Definition of a Random Variable

• Random Variable x: Represents the number of workouts in a given week.
• Values x can take: 0, 1, 2, 3, or 4 (finite number of values).
• Type: Discrete random variable because it has a finite number of possible values.

Probability Distribution

• Characteristics:
  • The sum of probabilities is 1:
    • 0.1 + 0.15 + 0.4 + 0.25 + 0.1 = 1
  • All probabilities are non-negative.
• Valid Distribution: Meets the conditions for a valid probability distribution.

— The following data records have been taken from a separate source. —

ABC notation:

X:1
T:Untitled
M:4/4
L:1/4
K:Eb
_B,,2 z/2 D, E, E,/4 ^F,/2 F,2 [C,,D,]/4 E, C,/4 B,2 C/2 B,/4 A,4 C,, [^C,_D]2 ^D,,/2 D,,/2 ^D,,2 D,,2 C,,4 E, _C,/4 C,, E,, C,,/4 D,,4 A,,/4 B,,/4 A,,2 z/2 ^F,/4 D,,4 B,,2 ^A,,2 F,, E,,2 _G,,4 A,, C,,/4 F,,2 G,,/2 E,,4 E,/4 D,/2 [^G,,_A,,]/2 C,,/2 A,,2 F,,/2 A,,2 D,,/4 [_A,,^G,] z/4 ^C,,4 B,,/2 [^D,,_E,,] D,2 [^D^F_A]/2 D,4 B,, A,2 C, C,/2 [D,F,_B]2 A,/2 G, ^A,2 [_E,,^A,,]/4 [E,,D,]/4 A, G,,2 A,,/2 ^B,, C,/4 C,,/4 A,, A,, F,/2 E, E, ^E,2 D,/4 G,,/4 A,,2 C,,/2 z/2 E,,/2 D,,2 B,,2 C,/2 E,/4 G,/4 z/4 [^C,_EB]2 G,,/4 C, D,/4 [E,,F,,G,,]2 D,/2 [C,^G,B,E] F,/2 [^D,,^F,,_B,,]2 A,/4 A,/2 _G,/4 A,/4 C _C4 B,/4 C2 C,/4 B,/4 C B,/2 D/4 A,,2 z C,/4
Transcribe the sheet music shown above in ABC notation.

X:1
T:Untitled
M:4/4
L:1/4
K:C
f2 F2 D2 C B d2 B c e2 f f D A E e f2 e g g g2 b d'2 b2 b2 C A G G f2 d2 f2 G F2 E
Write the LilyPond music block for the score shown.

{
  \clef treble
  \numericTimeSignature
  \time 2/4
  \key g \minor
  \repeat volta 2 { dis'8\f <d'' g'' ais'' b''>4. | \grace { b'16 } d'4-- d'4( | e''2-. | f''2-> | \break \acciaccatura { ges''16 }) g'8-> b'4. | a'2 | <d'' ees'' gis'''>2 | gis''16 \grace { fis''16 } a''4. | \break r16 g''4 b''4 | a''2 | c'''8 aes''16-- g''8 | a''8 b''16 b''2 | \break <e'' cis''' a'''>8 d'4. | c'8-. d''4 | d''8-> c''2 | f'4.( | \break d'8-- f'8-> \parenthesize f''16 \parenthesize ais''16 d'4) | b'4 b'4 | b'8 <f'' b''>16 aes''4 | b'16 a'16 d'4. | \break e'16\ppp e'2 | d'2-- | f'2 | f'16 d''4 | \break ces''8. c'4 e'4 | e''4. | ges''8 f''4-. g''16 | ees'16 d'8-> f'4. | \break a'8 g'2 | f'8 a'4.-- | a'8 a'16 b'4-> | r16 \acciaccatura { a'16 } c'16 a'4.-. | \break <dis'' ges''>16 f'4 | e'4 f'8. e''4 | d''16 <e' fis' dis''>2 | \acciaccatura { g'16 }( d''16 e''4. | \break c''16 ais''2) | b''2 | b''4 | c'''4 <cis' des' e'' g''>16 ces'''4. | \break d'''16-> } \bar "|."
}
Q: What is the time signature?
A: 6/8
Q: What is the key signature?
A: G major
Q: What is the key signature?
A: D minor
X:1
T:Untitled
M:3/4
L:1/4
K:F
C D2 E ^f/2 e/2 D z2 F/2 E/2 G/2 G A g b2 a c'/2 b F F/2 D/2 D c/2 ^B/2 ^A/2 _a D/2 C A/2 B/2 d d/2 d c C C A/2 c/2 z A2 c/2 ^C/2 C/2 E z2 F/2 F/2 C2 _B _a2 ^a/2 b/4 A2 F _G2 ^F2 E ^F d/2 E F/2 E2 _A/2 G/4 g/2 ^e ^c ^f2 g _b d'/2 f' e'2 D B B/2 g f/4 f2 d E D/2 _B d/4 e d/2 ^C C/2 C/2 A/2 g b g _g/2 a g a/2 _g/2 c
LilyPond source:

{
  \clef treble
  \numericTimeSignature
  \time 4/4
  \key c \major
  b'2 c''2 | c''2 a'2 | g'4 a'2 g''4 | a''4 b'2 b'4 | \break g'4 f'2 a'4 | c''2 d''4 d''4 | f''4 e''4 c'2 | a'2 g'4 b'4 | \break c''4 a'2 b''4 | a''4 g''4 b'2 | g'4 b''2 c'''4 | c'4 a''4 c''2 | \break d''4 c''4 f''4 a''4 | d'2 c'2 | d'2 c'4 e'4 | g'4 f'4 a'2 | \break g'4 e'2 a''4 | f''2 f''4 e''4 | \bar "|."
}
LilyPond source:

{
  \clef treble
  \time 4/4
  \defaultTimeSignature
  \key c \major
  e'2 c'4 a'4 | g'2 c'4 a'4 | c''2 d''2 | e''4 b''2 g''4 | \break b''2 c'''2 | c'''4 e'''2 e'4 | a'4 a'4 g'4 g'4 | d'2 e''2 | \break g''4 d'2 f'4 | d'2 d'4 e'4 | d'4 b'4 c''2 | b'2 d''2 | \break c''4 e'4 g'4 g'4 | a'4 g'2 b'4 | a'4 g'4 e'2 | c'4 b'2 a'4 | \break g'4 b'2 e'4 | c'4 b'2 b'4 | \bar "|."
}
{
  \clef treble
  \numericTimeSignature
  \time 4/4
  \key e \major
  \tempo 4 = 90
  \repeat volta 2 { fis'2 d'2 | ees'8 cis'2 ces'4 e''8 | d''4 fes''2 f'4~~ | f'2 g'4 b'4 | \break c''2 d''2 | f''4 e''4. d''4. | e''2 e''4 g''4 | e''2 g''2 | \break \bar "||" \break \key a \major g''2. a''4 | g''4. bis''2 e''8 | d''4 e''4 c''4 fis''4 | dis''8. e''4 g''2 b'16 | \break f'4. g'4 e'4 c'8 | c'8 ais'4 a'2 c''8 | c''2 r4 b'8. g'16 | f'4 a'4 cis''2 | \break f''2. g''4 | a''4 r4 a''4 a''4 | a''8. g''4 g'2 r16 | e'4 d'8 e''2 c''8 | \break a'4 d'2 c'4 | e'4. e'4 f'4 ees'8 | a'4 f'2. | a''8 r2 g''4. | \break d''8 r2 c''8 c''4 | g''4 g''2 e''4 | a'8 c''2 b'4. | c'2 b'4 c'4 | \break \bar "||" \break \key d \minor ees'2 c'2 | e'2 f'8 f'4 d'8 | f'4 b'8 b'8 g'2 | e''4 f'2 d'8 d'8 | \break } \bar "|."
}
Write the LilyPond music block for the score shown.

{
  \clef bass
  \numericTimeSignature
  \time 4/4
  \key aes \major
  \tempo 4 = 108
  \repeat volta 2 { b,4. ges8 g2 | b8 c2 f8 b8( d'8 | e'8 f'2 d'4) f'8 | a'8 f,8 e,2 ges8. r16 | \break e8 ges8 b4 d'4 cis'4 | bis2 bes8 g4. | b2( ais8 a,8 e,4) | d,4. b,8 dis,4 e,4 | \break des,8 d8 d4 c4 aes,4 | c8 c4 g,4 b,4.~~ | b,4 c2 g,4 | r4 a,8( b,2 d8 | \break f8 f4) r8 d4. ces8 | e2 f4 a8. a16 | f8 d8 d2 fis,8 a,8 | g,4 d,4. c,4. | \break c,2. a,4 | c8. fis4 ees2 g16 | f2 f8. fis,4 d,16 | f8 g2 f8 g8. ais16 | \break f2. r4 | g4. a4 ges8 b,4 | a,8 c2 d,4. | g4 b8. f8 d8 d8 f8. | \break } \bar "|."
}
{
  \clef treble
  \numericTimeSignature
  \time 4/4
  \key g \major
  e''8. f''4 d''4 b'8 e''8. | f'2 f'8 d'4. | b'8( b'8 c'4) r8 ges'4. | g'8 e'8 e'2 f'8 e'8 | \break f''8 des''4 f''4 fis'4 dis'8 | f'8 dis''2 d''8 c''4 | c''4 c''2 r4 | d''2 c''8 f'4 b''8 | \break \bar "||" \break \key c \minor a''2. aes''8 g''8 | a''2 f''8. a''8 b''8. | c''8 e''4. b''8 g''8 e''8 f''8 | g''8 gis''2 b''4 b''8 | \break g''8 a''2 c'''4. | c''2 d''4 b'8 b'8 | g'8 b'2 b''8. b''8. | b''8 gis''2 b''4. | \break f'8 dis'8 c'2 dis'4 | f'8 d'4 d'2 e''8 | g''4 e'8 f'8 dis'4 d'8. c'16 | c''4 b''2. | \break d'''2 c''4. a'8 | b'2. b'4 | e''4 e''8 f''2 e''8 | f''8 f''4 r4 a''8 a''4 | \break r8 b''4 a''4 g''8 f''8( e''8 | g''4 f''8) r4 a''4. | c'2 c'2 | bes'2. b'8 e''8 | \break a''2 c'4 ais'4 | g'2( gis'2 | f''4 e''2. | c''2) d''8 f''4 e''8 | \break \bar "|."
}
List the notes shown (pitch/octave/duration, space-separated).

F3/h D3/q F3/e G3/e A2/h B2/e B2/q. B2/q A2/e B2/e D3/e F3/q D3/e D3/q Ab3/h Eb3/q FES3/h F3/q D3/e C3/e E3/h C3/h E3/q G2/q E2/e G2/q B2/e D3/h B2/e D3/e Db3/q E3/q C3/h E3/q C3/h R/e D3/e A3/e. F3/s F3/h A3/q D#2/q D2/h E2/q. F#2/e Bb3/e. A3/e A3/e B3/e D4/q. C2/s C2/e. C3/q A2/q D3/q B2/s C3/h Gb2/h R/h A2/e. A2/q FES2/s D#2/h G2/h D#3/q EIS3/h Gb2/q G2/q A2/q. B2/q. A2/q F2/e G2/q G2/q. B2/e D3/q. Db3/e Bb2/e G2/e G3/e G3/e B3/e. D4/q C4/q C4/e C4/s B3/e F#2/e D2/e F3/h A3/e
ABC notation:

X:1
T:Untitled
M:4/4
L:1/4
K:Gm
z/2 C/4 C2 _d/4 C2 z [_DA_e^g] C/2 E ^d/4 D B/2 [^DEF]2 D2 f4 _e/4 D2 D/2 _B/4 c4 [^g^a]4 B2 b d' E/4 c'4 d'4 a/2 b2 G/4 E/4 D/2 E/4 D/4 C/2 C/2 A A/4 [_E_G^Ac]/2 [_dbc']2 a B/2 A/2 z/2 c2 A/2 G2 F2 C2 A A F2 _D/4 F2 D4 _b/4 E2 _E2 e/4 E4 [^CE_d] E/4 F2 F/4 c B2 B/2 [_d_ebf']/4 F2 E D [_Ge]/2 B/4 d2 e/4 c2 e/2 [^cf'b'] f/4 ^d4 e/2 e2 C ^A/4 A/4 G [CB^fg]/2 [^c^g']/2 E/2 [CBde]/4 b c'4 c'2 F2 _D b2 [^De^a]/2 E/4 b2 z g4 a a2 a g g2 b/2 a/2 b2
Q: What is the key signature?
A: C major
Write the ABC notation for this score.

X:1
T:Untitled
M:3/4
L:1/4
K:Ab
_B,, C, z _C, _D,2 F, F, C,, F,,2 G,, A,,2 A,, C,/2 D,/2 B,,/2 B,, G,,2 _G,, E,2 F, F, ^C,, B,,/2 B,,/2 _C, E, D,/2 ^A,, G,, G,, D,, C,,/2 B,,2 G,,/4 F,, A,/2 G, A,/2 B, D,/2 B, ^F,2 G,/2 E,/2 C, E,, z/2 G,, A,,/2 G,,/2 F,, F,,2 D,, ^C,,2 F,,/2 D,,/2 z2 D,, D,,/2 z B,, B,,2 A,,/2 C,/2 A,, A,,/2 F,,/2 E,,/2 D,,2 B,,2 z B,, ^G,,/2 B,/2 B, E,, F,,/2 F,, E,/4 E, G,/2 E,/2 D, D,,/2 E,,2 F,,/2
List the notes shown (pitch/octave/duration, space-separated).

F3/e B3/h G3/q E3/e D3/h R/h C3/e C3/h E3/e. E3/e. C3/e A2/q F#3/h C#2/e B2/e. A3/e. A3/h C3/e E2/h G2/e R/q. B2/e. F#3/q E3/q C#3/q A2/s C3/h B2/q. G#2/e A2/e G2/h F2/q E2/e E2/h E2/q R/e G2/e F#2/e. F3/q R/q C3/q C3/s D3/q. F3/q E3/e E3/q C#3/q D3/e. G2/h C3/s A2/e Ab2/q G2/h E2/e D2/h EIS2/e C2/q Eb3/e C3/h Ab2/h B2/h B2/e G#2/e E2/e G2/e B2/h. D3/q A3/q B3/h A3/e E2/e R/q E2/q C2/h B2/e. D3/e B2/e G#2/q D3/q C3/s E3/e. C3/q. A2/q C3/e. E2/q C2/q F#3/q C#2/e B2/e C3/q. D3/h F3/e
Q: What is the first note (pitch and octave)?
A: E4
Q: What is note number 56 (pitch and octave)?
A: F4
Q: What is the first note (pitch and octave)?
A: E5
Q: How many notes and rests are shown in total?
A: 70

Expected Value of a Discrete Random Variable

• Concept:
  • Gives a sense of the average or mean number of workouts in a week.
  • Notation: Often denoted by Greek letter "mu" (μ).

Calculation

• Formula: Weighted sum of outcomes by probabilities:
  • Expected Value (E(x)) = 0 * 0.1 + 1 * 0.15 + 2 * 0.4 + 3 * 0.25 + 4 * 0.1
• Simplified Calculation:
  • 0 * 0.1 = 0
  • 1 * 0.15 = 0.15
  • 2 * 0.4 = 0.8
  • 3 * 0.25 = 0.75
  • 4 * 0.1 = 0.4
• Total:
  • Sum: 0.15 + 0.8 + 0.75 + 0.4 = 2.1

Interpretation

• Expected Value: 2.1 workouts per week.
• Non-integer Value Explanation:
  • Represents an average over multiple weeks, not predicting exact weekly workouts.
  • In 10 weeks, expect approximately 21 workouts.
  • Applicable even when all outcomes are whole numbers.

Conclusion

• An expected value can be a non-integer even for discrete variables.
• Provides useful information for predicting outcomes over time.